Asynchronous servlets and NIO are related but they're not the same.

NIO vs Async servlets

NIO is about the acceptor and selector handling multiple IO requests and the business logic is executed by the worker thread.

Async servlet is about freeing the worker thread. Here the worker thread offloads the request from itself to threads outside the servlet container.

Asynchronous Servlets

The entire processing consists of 3 threads.

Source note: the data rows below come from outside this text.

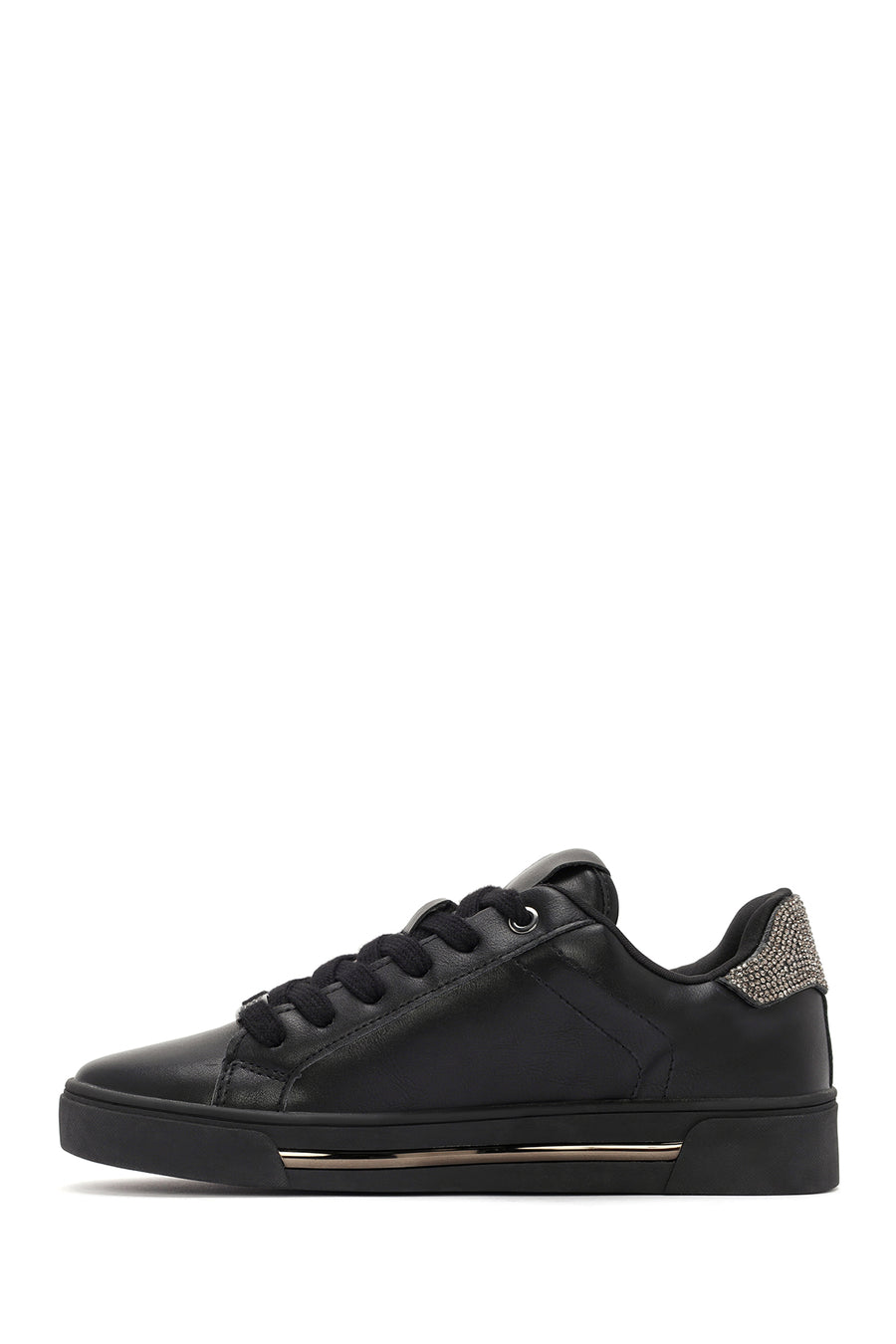 Woman Black Lace-Up Rhinestone Sneakers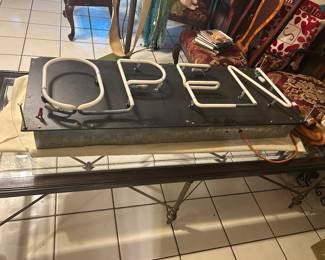 Large neon open sign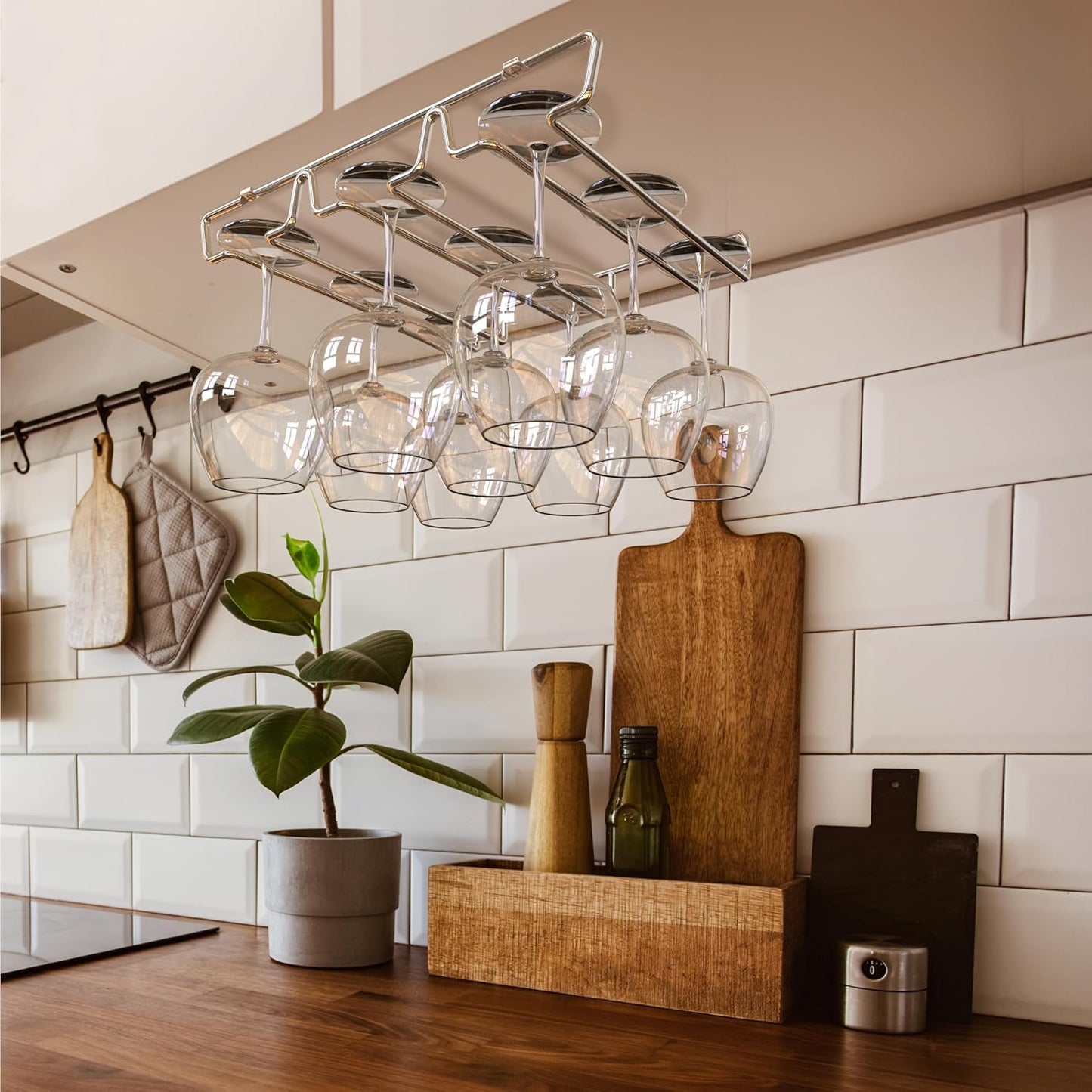 DecoBros Under Cabinet Wine Glass Stemware Rack Holder, Chrome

  1. Selector and Worker Thread - Accepts the request from client and hands over the asynchronous thread.
  2. Asynchronous Processing Thread - Which does the actual processing of the request.
  3. Selector/Poller Thread - Write the response back to client.

It's important to understand that the request servlet thread sends a callback method to asynchronous thread. The callback method which is on a different master thread is then called by asynchronous thread when the processing finishes and then the master thread places a task for the servlet thread pool to pickup the send response to the topic.

Spring DeferredResult

Example of asynchronous servlet is the Spring's DeferredResult implementation.

No change for clients

There is no difference of the HTTP clients. The socket in which the request came in will remain connected. It will remain connected until the timeout period.

Container Threads Creation

The main threads created listener and worker threads at the boot.

thread-creation

Spring Reactive

In case of normal async servlets, we just offload the task to a thread pool outside of the servlet container.

But in spring reactive, the async process works similar to the event loop in NodeJS. Which means, just one thread handles everything.

Futures and Completable Futures

This is used for IO, async, parallel tasks which aren't in the context of the web server. They can be used for any workflow applications, background tasks, etc.